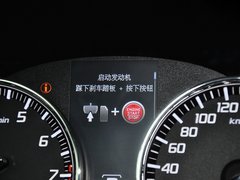 2013款 3.5L 自动 V6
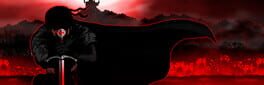 Templar 2 artwork 1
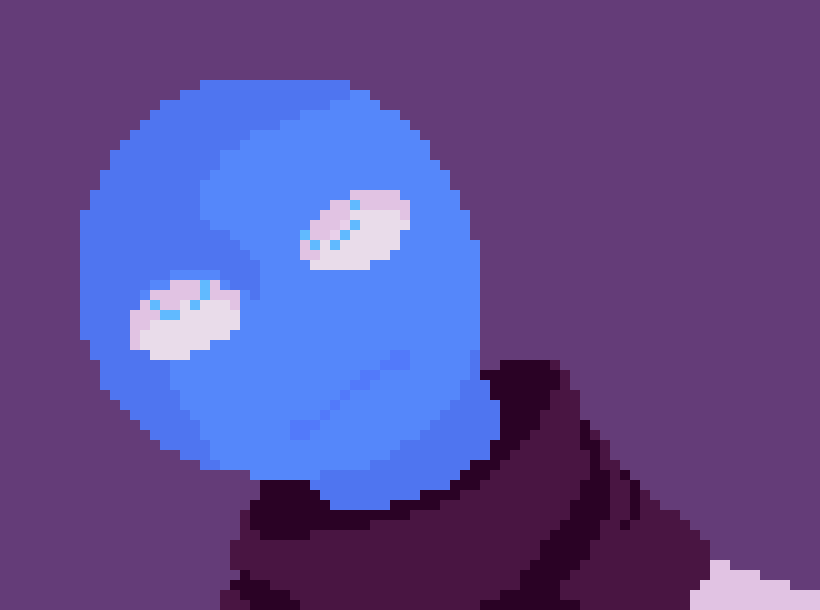 [c6eeac] No because I learned how to always silent fart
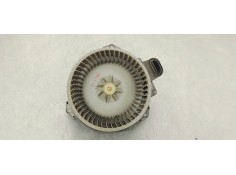 VENTILADOR CALEFACCION AV2727008103 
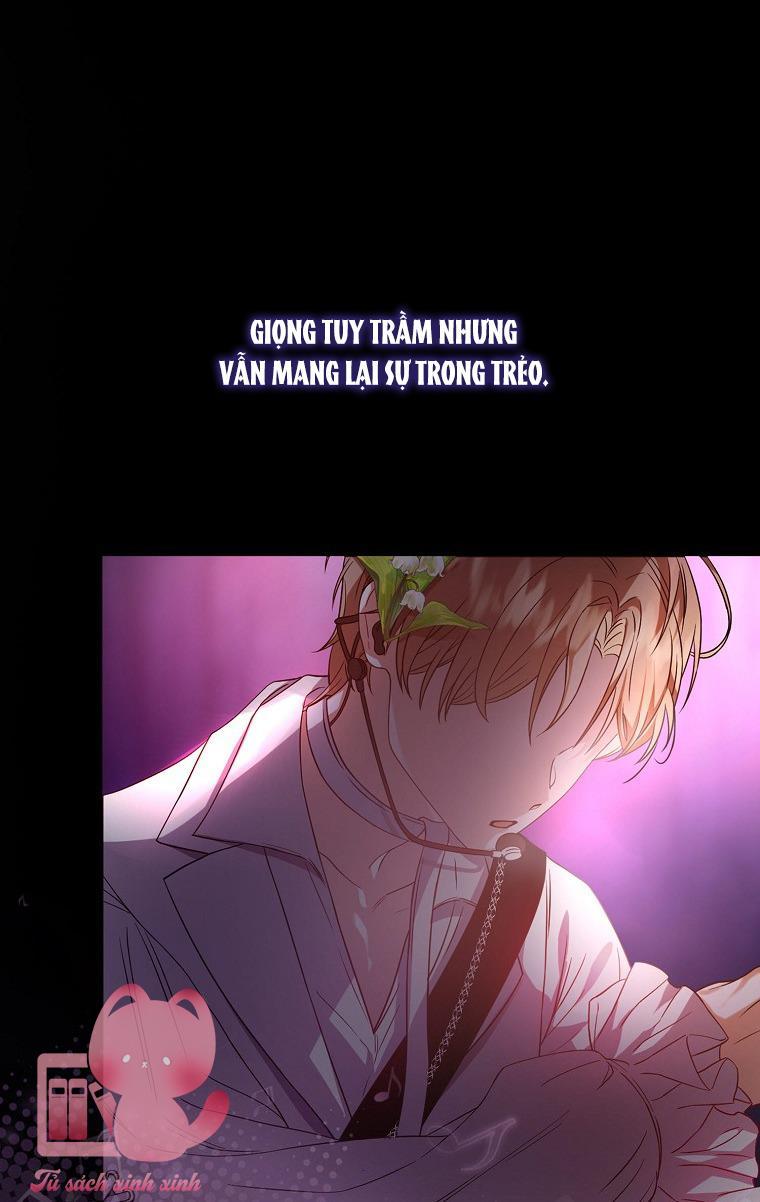 Debut Or Die - Chap 13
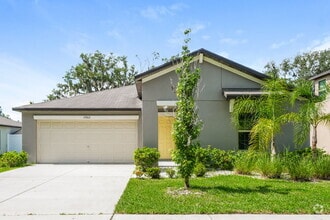 Building Photo - 39862 Dawson Chase Dr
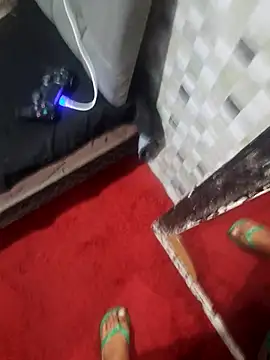 Snapshot of velozte5678 chatting on 10/10/25, 02:54 velozte5678 online show from 10/10/25, 02:54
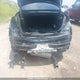 WBA3R5C54FK373012 2015 BMW 435I xDrive auction photo thumbnail 6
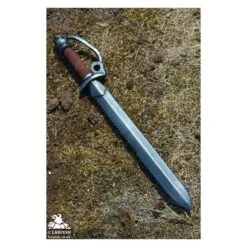 Hunting Sword - 24in - LARP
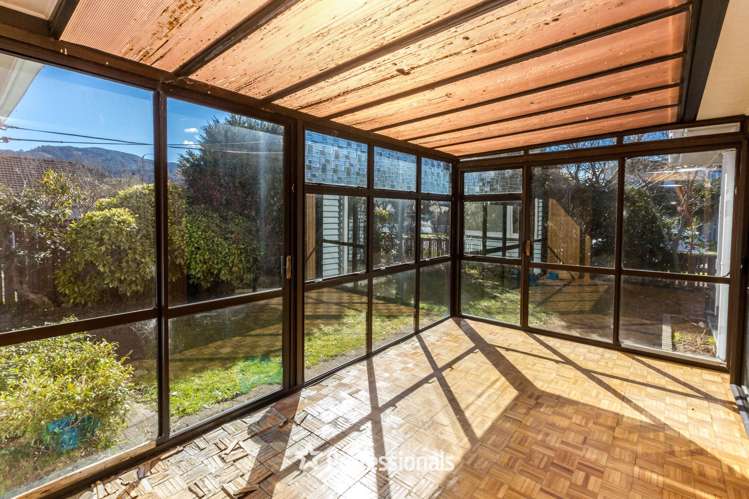 4 Hood Avenue Heretaunga_10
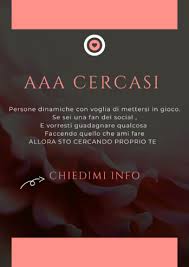 Consulta gratuitamente le offerte per telelavoro e per lavori da casa su annunci.net. Lavoro Da Casa A Roma Lavoro Da Casa Telelavoro Annunci Roma It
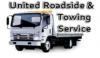 Photo for United Roadside & Towing Services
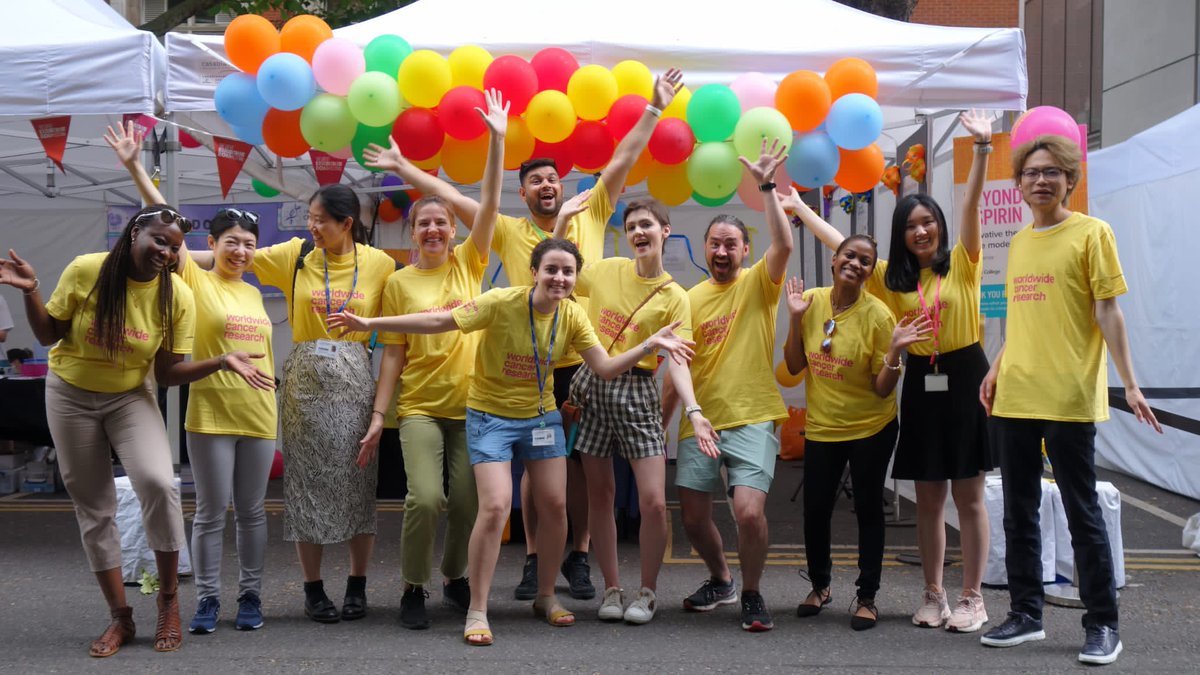 Elena De Vita tweet media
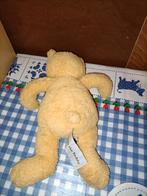 Freddy de teddy knuffel beer Limited Edition 2021, Kinderen en Baby's, Speelgoed | Knuffels en Pluche, Ophalen of Verzenden, Beer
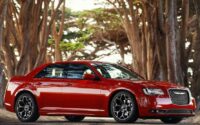 2022 Chrysler 200 Sedan, Price, Review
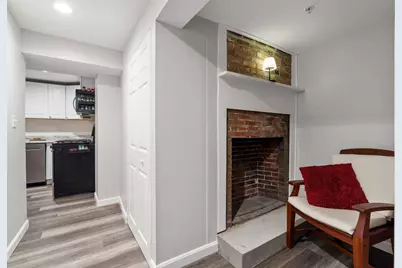111 Summer Street #7, Haverhill, MA 01830 - Photo 17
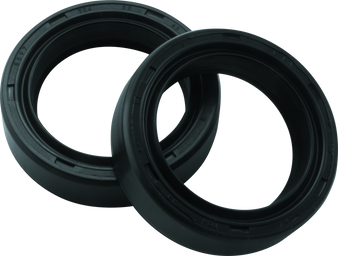 Photo - Primary Photo - Primary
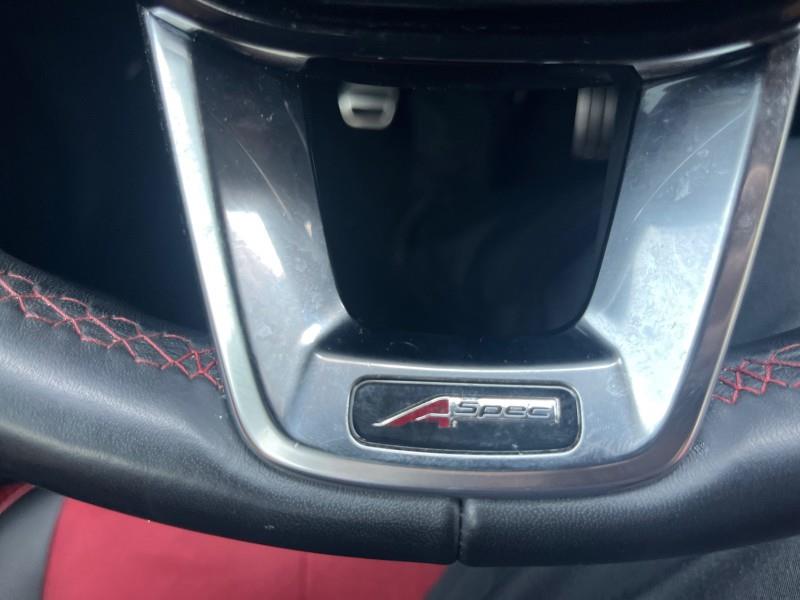 2023 Acura Integra w/A-Spec Technology Package, available for sale in Maple Shade, New Jersey | Car Revolution. Maple Shade, New Jersey 2023 Acura Integra w/A-Spec Technology Package, available for sale in Maple Shade, New Jersey | Car Revolution. Maple Shade, New Jersey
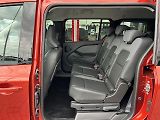 Nissan Townstar (2026) TEKNA L2 1.3T 131K Automat - náhled 8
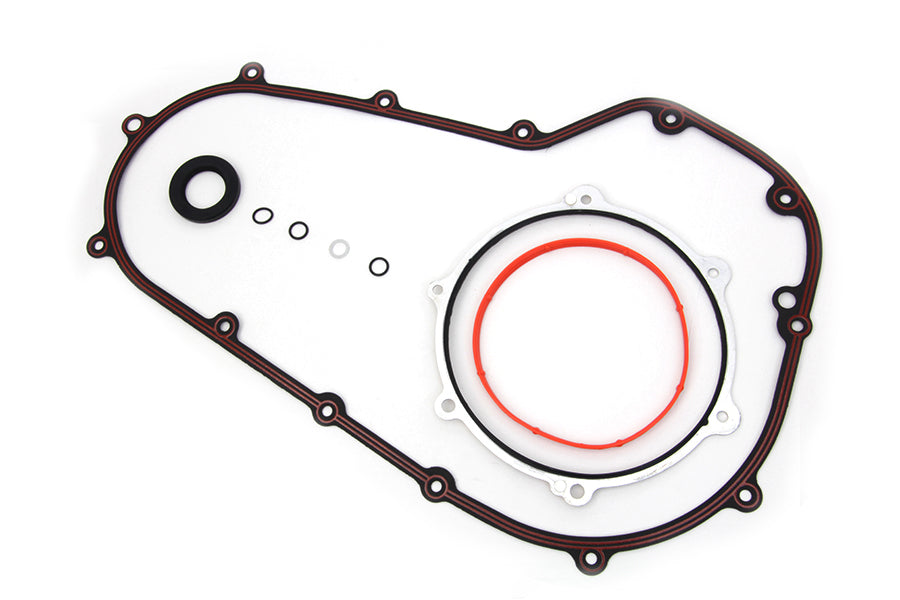 Gary Bang Primary Cover Gasket Kit - additional view 2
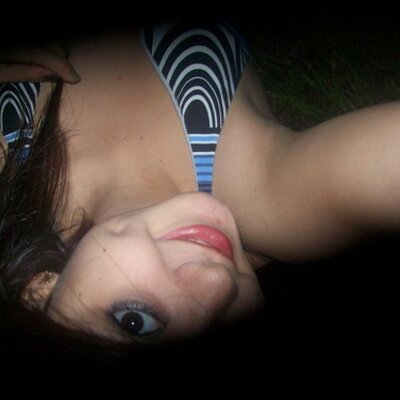 Profile Picture of Alejandra Mancera (@AlejandraManc) on Twitter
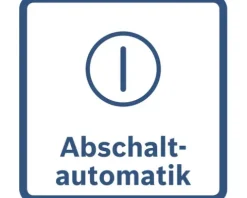 Bosch Backofen HSG7364B1 Nutzvolumen 71 l Maße BxHxT 59,4 cm x 59,5 cm x 54,8 cm
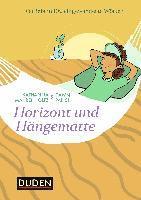 bokomslag Horizont und Hängematte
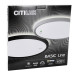 Потолочный светильник Citilux Basic Line CL738320VL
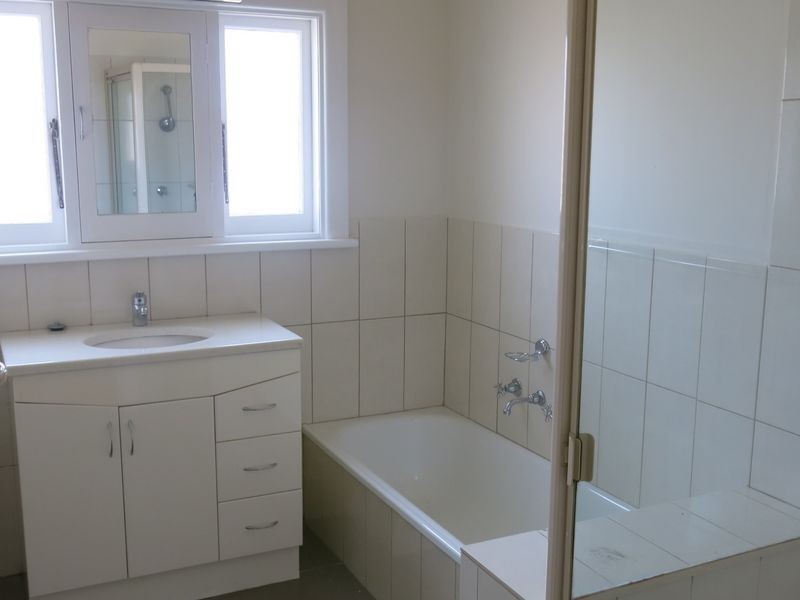 1/38 Waverley Road, Chadstone VIC 3148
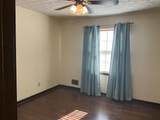 2115 Lost Forest Lane - Photo 21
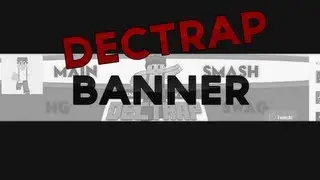 Minecraft Avatar Speedart #7 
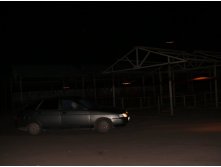 17.10.2008 19:51:24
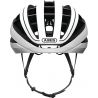 ABUS Aventor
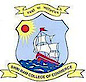 Shri Ram College of Commerce's logo Shri Ram College of Commerce's Company logo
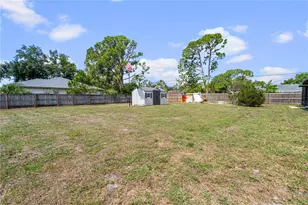 1041 S Salford Blvd, North Port, FL 34287 - Photo 29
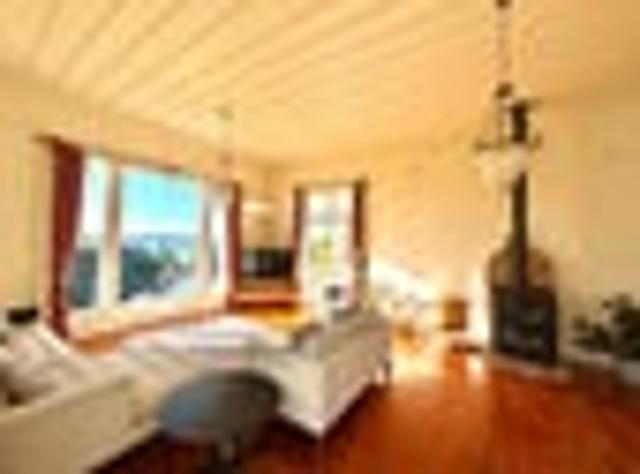 House for rent in Kawau Island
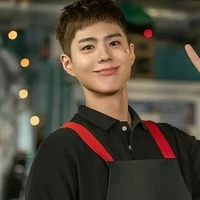 Sebastian(pelayan pribadi Wooyoung)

### WHAT THE TASK REQUIRES
The expected answer is the complete set of entries, copied verbatim, with no pictures.

### EXERCISE ANSWER
 2013款 3.5L 自动 V6
 Templar 2 artwork 1
 [c6eeac] No because I learned how to always silent fart
 VENTILADOR CALEFACCION AV2727008103 
 Debut Or Die - Chap 13
 Building Photo - 39862 Dawson Chase Dr
 Snapshot of velozte5678 chatting on 10/10/25, 02:54 velozte5678 online show from 10/10/25, 02:54
 WBA3R5C54FK373012 2015 BMW 435I xDrive auction photo thumbnail 6
 Hunting Sword - 24in - LARP
 4 Hood Avenue Heretaunga_10
 Consulta gratuitamente le offerte per telelavoro e per lavori da casa su annunci.net. Lavoro Da Casa A Roma Lavoro Da Casa Telelavoro Annunci Roma It
 Photo for United Roadside & Towing Services
 Elena De Vita tweet media
 Freddy de teddy knuffel beer Limited Edition 2021, Kinderen en Baby's, Speelgoed | Knuffels en Pluche, Ophalen of Verzenden, Beer
 2022 Chrysler 200 Sedan, Price, Review
111 Summer Street #7, Haverhill, MA 01830 - Photo 17
 Photo - Primary Photo - Primary
 2023 Acura Integra w/A-Spec Technology Package, available for sale in Maple Shade, New Jersey | Car Revolution. Maple Shade, New Jersey 2023 Acura Integra w/A-Spec Technology Package, available for sale in Maple Shade, New Jersey | Car Revolution. Maple Shade, New Jersey
 Nissan Townstar (2026) TEKNA L2 1.3T 131K Automat - náhled 8
 Gary Bang Primary Cover Gasket Kit - additional view 2
 Profile Picture of Alejandra Mancera (@AlejandraManc) on Twitter
 Bosch Backofen HSG7364B1 Nutzvolumen 71 l Maße BxHxT 59,4 cm x 59,5 cm x 54,8 cm
 bokomslag Horizont und Hängematte
 Потолочный светильник Citilux Basic Line CL738320VL
 1/38 Waverley Road, Chadstone VIC 3148
 2115 Lost Forest Lane - Photo 21
 Minecraft Avatar Speedart #7 
 17.10.2008 19:51:24
 ABUS Aventor
 Shri Ram College of Commerce's logo Shri Ram College of Commerce's Company logo
 1041 S Salford Blvd, North Port, FL 34287 - Photo 29
 House for rent in Kawau Island
 Sebastian(pelayan pribadi Wooyoung)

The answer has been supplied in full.